50/50 (A-)
U.S.: Jonathan Levine, 2011, Summit Etertaiment
Your best friend looks you in the face and tells you that he has a rare form of spinal cancer and that his chances of survival, according to the doctors, are 50/50. What do you say? What can you say?
In 50/50, the best friend, a good-hearted loudmouth named Kyle (played by Seth Rogen), listens and points out to Adam (Joseph Gordon-Levitt) -- with whom he works (as a writer) at a Seattle radio station -- that in casino, 50/50 would be the best odds at the table.
Overly glib, predictable wisecrackery? Pitched in the standard Rogenish glibmeister key? Perhaps. But in this case, Rogen actually was the friend who heard the bad news, and he heard it from his pal Will Reiser, a fellow comedy actor-writer with whom Rogen worked on Da Ali G Show. Reiser later wrote the screenplay for 50/50, based on his own experiences with that same form of rare spinal cancer, and that's the script that Rogen has now produced and co-stars in. So we can't exactly say he doesn't understand the character or the situation. He does. He lived it. We didn't.
Ditto for Reiser, whose surrogate character Adam is played by Gordon-Levitt with a self-effacing vulnerability, an unforced sensitivity, and a quiet determination to survive, that definitely suggests a real person, one we'd want to know, reacting in real ways.
50/50 is one of the better American comedies and one of the better dramas of the year, even though, at first glace, the subject matter seems an open invitation to bathos and oversentimentality. Writer Reiser and director Jonathan Levine and the actors elude these pitfalls, and they do it so well that we should really cut the movie some slack for anything it may have missed.
The movie follows Adam relentlessly but compassionately right from the early scene when he learns of the cancer, though his revelation to Kyle, through his sometimes unhappy encounters with his girlfriend Rachel (Bryce Dallas Howard), a mediocre painter whose will to sacrifice quickly evaporates, through his meetings with doctors, therapists, and fellow cancer sufferers, right up to the not-exactly-predictable climax. And even though we might not expect this mixture of heavy, near-weepy drama and sharp-tongued, sometimes bawdy comedy to work all that well, it mostly does.

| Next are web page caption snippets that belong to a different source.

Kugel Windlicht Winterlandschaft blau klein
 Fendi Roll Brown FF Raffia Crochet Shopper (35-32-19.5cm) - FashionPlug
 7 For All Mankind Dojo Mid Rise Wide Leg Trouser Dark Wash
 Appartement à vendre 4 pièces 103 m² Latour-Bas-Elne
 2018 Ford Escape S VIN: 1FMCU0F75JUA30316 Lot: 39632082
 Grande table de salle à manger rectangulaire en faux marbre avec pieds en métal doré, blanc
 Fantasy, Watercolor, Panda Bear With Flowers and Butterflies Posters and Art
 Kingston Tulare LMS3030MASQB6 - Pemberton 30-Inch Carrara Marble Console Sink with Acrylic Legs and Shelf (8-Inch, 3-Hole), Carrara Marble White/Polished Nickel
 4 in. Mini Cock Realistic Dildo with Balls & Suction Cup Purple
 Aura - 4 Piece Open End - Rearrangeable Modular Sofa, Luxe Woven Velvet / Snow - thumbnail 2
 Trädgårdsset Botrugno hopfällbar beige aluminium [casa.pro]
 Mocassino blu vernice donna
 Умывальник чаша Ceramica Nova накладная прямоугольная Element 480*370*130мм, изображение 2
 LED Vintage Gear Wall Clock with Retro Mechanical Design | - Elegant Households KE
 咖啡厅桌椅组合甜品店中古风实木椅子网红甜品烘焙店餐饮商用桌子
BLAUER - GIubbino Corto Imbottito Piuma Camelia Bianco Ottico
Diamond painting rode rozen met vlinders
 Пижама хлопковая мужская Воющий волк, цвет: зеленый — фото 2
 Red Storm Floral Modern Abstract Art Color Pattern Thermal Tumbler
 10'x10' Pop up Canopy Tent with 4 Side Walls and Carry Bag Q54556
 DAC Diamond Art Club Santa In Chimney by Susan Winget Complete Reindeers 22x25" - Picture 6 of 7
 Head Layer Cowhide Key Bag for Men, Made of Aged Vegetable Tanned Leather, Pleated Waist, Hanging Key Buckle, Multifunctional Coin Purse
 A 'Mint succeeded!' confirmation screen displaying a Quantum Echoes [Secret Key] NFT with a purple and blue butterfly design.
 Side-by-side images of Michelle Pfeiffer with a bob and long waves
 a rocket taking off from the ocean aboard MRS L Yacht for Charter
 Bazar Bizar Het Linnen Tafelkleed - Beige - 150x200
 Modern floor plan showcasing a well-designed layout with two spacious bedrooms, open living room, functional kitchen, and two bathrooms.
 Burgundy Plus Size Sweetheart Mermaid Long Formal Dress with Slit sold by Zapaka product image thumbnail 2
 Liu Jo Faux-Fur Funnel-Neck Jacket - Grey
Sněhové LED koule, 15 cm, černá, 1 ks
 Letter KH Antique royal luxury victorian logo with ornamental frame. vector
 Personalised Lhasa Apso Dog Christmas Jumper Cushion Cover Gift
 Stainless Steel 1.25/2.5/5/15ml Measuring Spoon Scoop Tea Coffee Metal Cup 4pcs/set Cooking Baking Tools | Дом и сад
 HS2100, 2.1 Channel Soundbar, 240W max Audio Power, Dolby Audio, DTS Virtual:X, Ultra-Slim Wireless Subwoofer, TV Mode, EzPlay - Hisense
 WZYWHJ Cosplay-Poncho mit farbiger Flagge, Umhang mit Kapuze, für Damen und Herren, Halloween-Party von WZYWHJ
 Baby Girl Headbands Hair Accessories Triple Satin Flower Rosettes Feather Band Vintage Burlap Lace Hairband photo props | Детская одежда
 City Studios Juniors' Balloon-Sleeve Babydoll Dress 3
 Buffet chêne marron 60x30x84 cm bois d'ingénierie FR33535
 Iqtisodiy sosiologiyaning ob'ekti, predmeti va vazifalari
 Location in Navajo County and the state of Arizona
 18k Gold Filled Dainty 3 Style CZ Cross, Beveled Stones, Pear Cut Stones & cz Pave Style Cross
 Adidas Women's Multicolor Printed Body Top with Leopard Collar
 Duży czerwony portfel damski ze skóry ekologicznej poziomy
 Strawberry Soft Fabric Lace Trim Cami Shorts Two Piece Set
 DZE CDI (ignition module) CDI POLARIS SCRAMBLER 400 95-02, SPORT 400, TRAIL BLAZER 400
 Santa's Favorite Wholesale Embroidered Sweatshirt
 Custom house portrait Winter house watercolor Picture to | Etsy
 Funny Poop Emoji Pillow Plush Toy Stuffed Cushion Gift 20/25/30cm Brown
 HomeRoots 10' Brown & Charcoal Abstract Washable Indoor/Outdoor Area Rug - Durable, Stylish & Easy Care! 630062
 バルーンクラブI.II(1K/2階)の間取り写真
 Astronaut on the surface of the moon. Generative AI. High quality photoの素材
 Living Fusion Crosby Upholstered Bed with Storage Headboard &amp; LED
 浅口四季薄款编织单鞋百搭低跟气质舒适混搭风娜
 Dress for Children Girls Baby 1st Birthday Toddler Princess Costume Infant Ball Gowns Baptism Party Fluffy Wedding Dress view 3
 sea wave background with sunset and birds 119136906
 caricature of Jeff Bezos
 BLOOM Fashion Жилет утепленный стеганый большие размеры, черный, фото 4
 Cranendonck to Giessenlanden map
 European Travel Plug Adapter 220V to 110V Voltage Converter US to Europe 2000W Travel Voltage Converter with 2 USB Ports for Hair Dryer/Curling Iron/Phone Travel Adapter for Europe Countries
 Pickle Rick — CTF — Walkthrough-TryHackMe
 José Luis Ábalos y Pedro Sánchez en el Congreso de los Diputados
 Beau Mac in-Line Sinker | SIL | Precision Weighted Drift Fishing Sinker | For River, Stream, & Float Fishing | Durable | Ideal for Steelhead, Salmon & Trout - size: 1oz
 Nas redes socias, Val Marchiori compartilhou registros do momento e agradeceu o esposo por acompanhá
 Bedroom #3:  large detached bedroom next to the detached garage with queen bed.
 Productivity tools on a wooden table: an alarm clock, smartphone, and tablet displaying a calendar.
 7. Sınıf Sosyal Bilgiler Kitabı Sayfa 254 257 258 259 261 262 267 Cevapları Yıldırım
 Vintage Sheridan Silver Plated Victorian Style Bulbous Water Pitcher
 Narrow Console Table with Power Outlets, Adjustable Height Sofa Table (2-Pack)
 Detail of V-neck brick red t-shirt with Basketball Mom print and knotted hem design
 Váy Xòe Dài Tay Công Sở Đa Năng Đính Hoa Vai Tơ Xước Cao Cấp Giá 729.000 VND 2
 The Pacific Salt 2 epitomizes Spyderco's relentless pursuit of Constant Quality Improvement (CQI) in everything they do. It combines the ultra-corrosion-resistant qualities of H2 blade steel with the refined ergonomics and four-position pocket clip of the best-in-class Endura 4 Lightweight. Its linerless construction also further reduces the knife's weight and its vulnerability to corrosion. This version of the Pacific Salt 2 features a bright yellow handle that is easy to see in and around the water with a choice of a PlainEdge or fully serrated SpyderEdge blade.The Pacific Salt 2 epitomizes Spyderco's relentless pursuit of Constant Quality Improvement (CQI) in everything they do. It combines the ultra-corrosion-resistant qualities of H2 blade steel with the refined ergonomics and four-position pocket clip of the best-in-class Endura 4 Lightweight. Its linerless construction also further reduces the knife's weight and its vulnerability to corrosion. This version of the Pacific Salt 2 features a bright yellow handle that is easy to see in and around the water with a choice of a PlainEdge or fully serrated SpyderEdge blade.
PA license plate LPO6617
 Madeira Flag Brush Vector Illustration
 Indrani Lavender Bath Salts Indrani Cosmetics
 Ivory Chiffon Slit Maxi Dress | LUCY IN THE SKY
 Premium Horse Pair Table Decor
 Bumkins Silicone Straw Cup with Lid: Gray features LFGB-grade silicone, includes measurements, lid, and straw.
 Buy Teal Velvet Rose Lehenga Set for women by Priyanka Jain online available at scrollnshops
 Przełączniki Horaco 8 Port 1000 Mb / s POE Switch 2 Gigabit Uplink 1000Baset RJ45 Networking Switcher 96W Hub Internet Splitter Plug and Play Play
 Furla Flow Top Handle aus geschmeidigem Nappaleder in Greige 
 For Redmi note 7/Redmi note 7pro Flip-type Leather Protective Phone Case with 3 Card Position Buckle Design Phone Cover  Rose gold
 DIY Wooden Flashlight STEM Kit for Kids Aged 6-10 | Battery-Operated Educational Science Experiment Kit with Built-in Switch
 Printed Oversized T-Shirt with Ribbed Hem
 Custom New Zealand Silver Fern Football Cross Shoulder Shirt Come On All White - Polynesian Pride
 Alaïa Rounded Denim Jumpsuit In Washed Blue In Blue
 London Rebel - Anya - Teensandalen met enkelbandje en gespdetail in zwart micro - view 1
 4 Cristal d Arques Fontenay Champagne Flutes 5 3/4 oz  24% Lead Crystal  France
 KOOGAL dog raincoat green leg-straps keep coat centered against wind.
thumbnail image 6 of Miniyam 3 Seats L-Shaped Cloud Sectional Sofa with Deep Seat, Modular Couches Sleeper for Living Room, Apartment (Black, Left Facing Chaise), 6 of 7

I did have a slight problem with the character of Adams girlfriend Rachel, not because of the way Howard played her (she'd be the best or near-best actor on screen in many another recent movie), but because Rachel, and Kyle's acerbic hostility toward her, seemed a little like comic payback, and the movie doesn't need it.
But I had no problems with anything Gordon-Levitt or Rogen did, or with Anna Kendrick as Adam's illness therapist, or with Anjelica Huston playing a Jewish mother, or with Philip Baker Hall and Matt Frewer as two terminal patients who befriend Adam, and who have both seemingly reached Stage Five of their journey: acceptance.
Philip Baker Hall is a great movie actor, one of the absolute best we have, or have ever had. His portrayal of a turbulent, sobbing, screaming, semi-drunken, nightmare-stricken Richard Nixon in Robert Altman's 1984 Secret Honor is one of the most amazing tours de force and greatest performances in all of American movies -- and he was also great as Sydney, the quiet gambler in Paul Thomas Anderson's Hard Eight and as Jimmy Gator in Magnolia and in many others, including the little supporting roles he often gets, and always perfectly fills.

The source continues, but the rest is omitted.